Fresh tomato for Rotten Tomatoes brand
Rotten Tomatoes has become a cult classic site for online reviews for film and TV since its birth in 1998, managing to stay in the limelight due to its topicality and comedic value. Sticking to a recipe that works, Rotten Tomatoes has been sporting the same logo since 2001.
Now, almost 17 years later, Pentagram partner Emily Oberman has developed a new logo, icons and colour palette for Rotten Tomatoes, in an attempt to update the visual profile of the site without taking away the elements that fans have come to know and love.
Rotten Tomatoes has swapped its ‘90s aesthetic for a cleaner, minimalist look that can translate better to on-screen views and social media icons, following the initiative of several companies that started in the ‘90s, such as Crumpler.

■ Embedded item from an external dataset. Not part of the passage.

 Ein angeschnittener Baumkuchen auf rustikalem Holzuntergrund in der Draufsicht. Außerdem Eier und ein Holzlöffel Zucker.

When trying to modernise the identity of the site in order to stay current, fresh and appeal to broader audience, Rotten Tomatoes VP Jeff Voris’ top priority was to avoid losing the core of the brand. He says, “We are very lucky that we have more fans and more attention than ever before, and that’s a big responsibility for us. We know for a lot of fans we are the first place they go when they are trying to make a lot of entertainment decisions. We take that super-seriously and every piece of what we did in this redesign flows from that exact same point.”

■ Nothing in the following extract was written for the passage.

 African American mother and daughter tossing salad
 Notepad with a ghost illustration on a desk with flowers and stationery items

While the previous logo featured out-of-line typography and a palette of yellow and black, the new logo has been adjusted onto a level line, incorporating a colour palette of black, white, red, light yellow, dark yellow, light green and dark green.
A short version of the logo has also been designed for efficiency by the orders of the digital age, as well as a new series of icons for use across the site as a rating system. A “fresh” tomato indicates a highly-rated film, while a “rotten” tomato indicates a low-rated film.
The new visual identity of the company is currently displayed on Rotten Tomatoes’ site and app, while later in the year, a full website make over is due.